MAI Transcribe

Transcribe audio with Microsoft's MAI-Transcribe-1 model via Azure AI Speech.

Install

openclaw skills install mai-transcribe

MAI-Transcribe-1

Transcribe an audio file via Azure AI Speech using Microsoft's MAI-Transcribe-1 model.

Quick start

node {baseDir}/scripts/transcribe.js /path/to/audio.m4a

Defaults:

Model: mai-transcribe-1
Output: <input>.txt
API version: 2025-10-15

Useful flags

node {baseDir}/scripts/transcribe.js /path/to/audio.ogg --out /tmp/transcript.txt
node {baseDir}/scripts/transcribe.js /path/to/audio.m4a --language en-GB
node {baseDir}/scripts/transcribe.js /path/to/audio.m4a --json --out /tmp/transcript.json
node {baseDir}/scripts/transcribe.js /path/to/audio.wav --model mai-transcribe-1
node {baseDir}/scripts/transcribe.js --help

Required env vars

export AZURE_SPEECH_ENDPOINT="https://YOUR-RESOURCE.cognitiveservices.azure.com"
export AZURE_SPEECH_KEY="YOUR_SPEECH_RESOURCE_KEY"

How to get the API key

Go to the Azure portal and open your Speech or Foundry Speech resource.
Open Keys and Endpoint.
Copy:
- the resource endpoint, for example https://your-resource.cognitiveservices.azure.com
- one of the resource keys
Export them:

export AZURE_SPEECH_ENDPOINT="https://YOUR-RESOURCE.cognitiveservices.azure.com"
export AZURE_SPEECH_KEY="YOUR_SPEECH_RESOURCE_KEY"

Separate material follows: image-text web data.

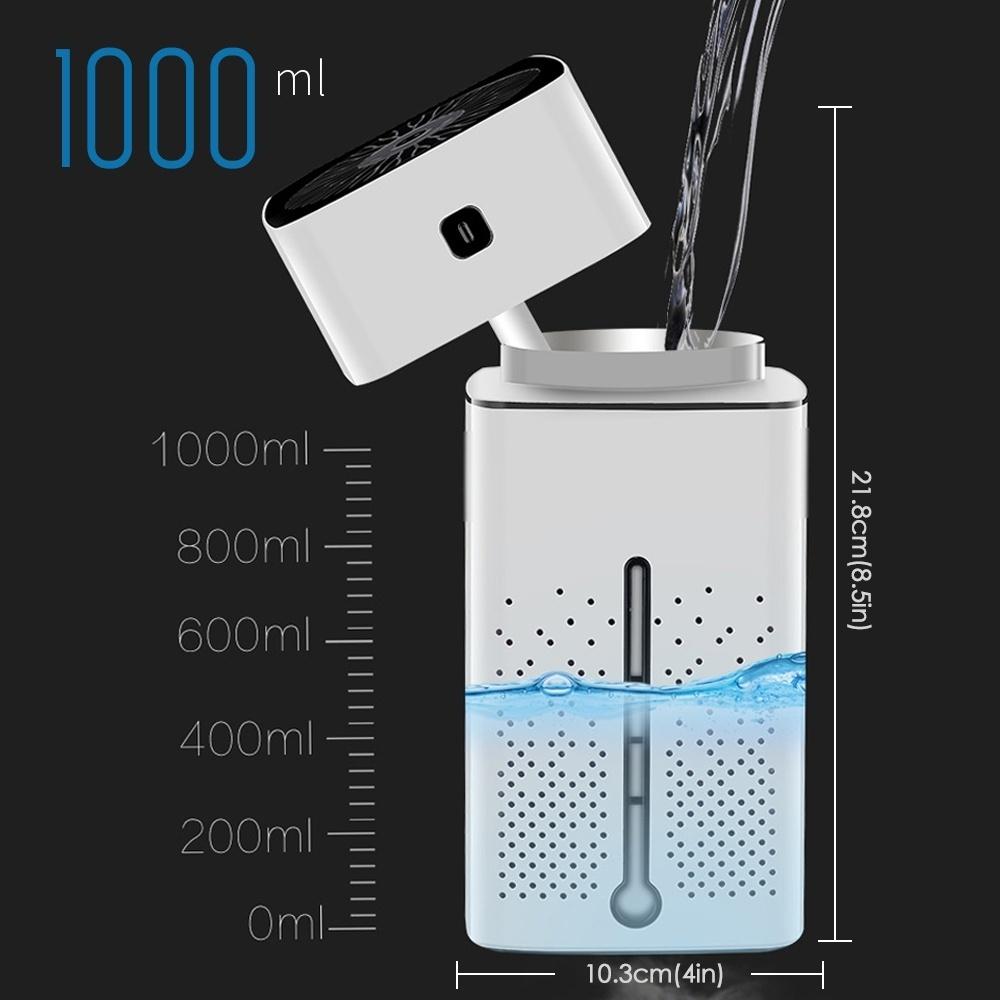 1000 мл увлажнитель воздуха ультразвуковой USB-диффузор аромат эфирного масла светодиодный ночник очиститель тумана увлажнитель для домашнего офиса подарок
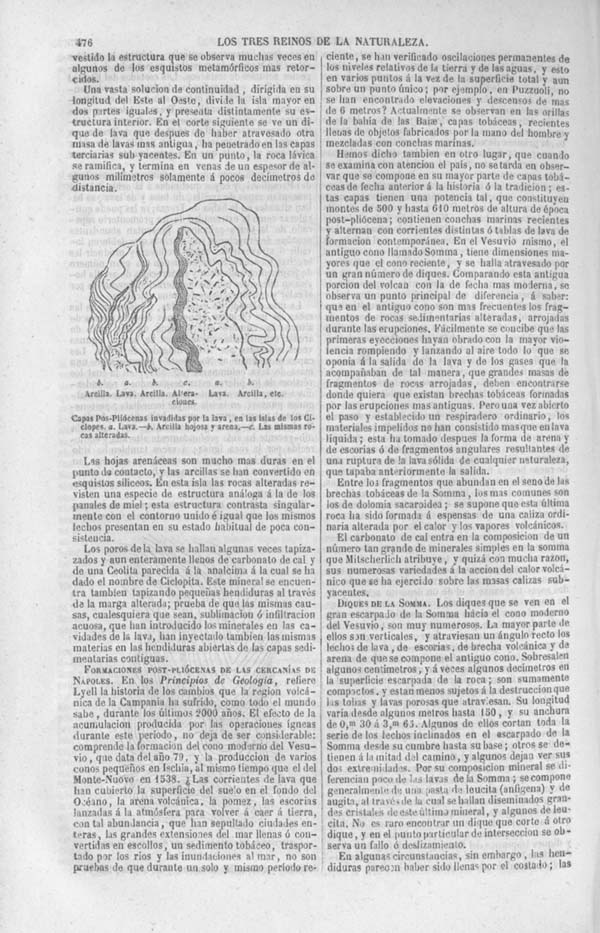 Página 540. Tomo noveno. Los Tres Reinos de la Naturaleza. Museo Pintoresco. Mineralog&iacute;a.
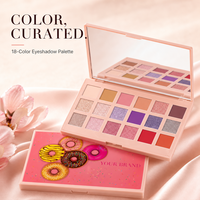 Palette de fards à paupières mats et scintillants 18 couleurs, longue tenue, marque privée pour le maquillage quotidien, produit de beauté personnalisé de haute qualité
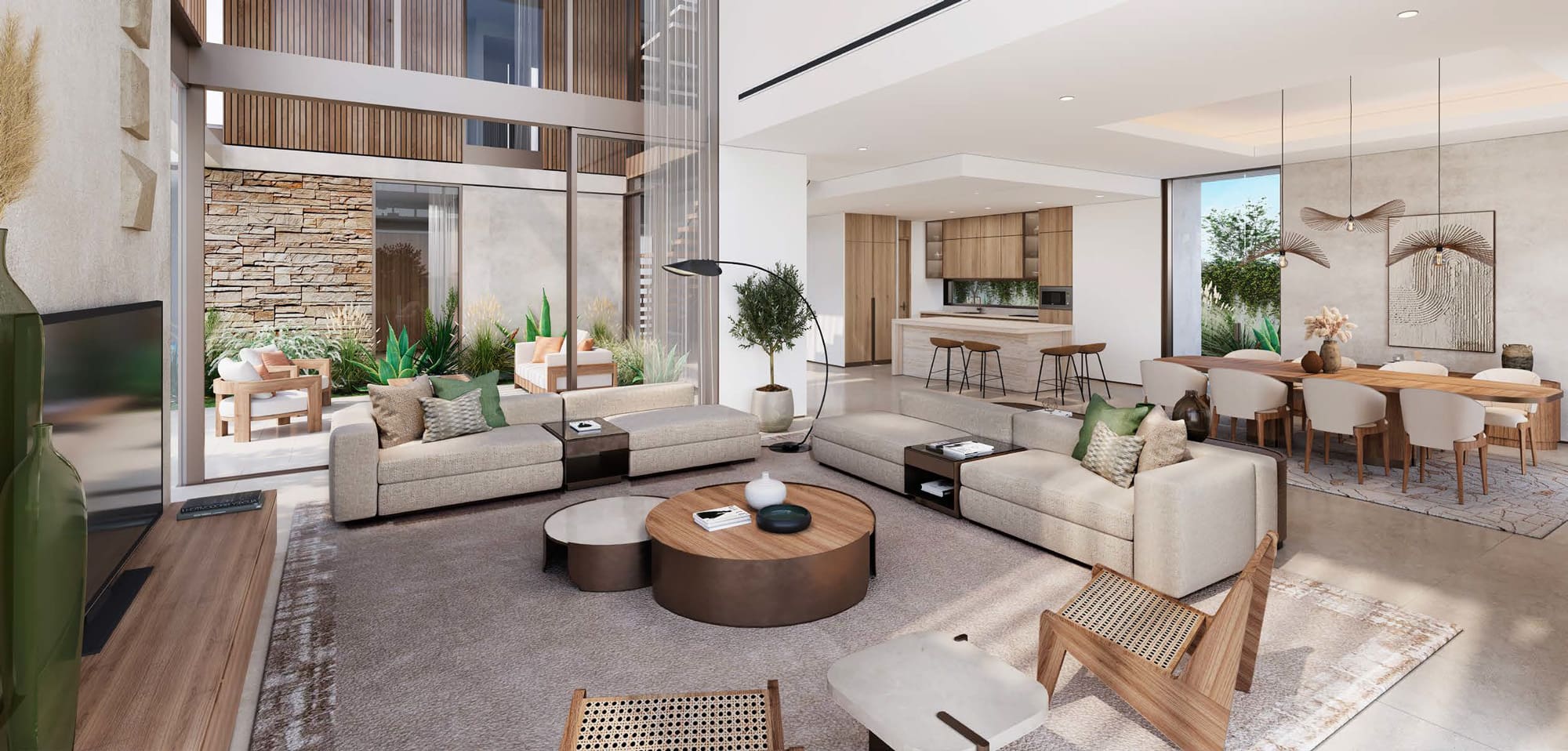 the acres villas luxury living room
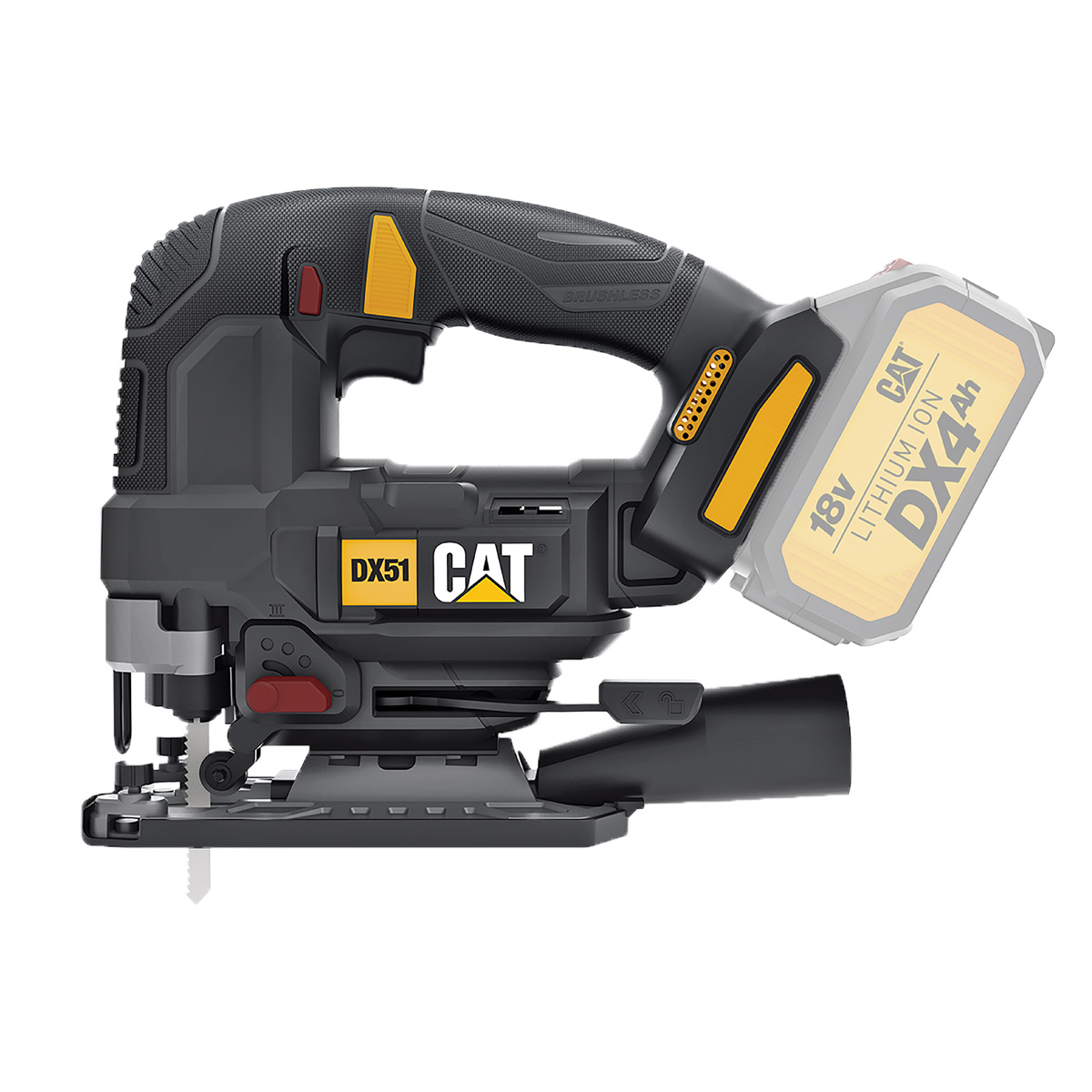 CAT Solo Σέγα Brushless 18V DX51B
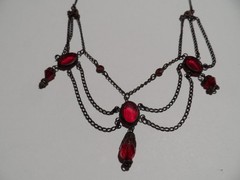 Gothic Necklace Robert Rose Signed 16” to 19”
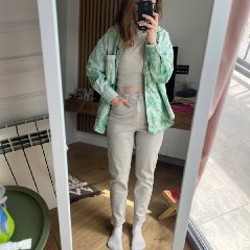 Рубашка H&M джинсовая - фото 1
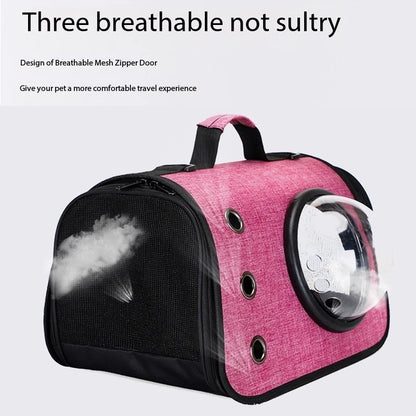 Cat Shoulder Bags High-capacity Cat Bag Foldable Hand-held Space Capsule Mesh Breathable Outing Pet Crossbody Bag Pet Backpack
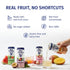 99.7% 11.2oz (330ml) 12-Pack Blue Monkey Sparkling Coconut Water with Mango - Coconut Water & Juice Blend - No Sugar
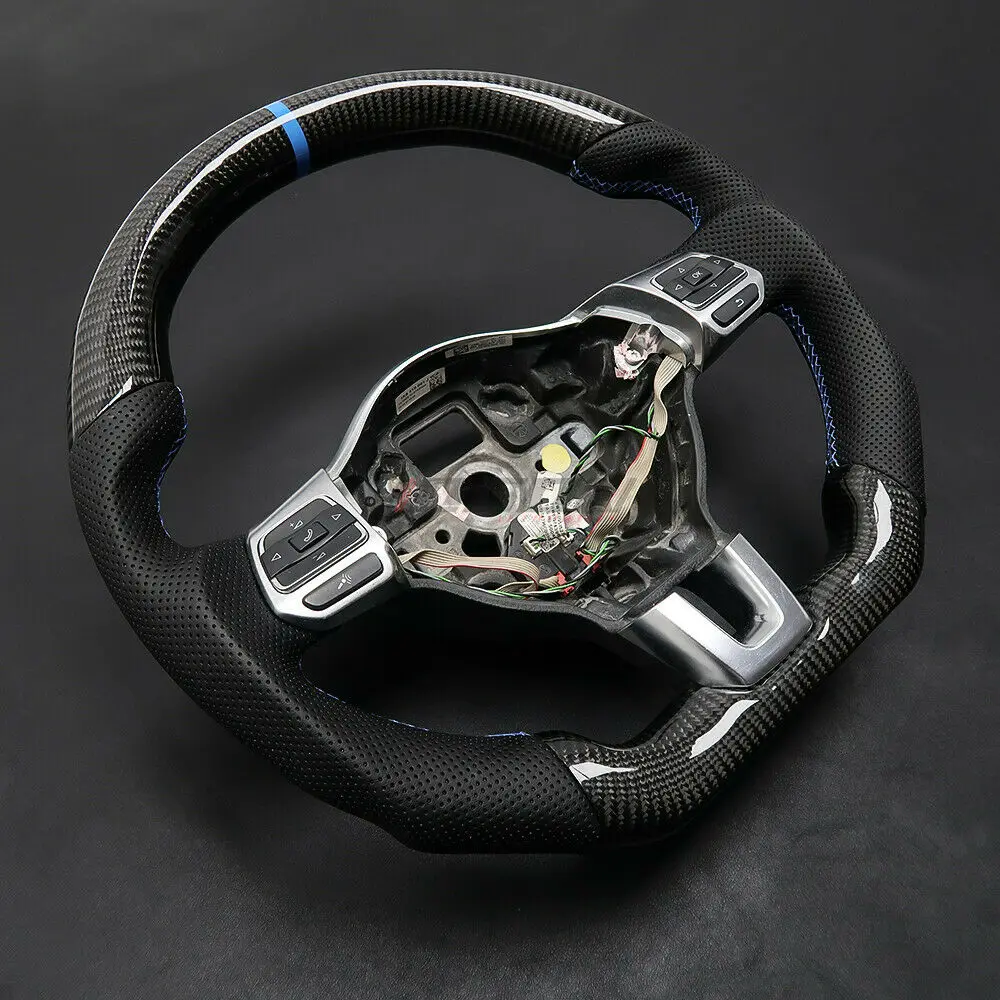 Carbon Fiber Steering Wheel Replace For Golf 5 6 MK6 GTI R Jetta MK5 Passat B6 B7 CC Polo Scirocco Customized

If gh-style copy-paste chaos is happening, the most important bit is that this skill expects the Speech resource endpoint, not a generic Foundry project URL.

Optional:

export AZURE_SPEECH_API_VERSION="2025-10-15"

API shape

The script calls:

POST {AZURE_SPEECH_ENDPOINT}/speechtotext/transcriptions:transcribe?api-version=2025-10-15

Headers:

Ocp-Apim-Subscription-Key: {AZURE_SPEECH_KEY}

Multipart form fields:

audio
definition

Example definition payload:

{
  "enhancedMode": {
    "enabled": true,
    "model": "mai-transcribe-1"
  }
}

Notes

This is the same style of skill as the Whisper one: a small documented script wrapper, not a built-in OpenClaw media pipeline.
Tested successfully against a live Azure Speech resource.
--json writes the raw Azure response for debugging or downstream processing.
Audio is uploaded to Microsoft for processing.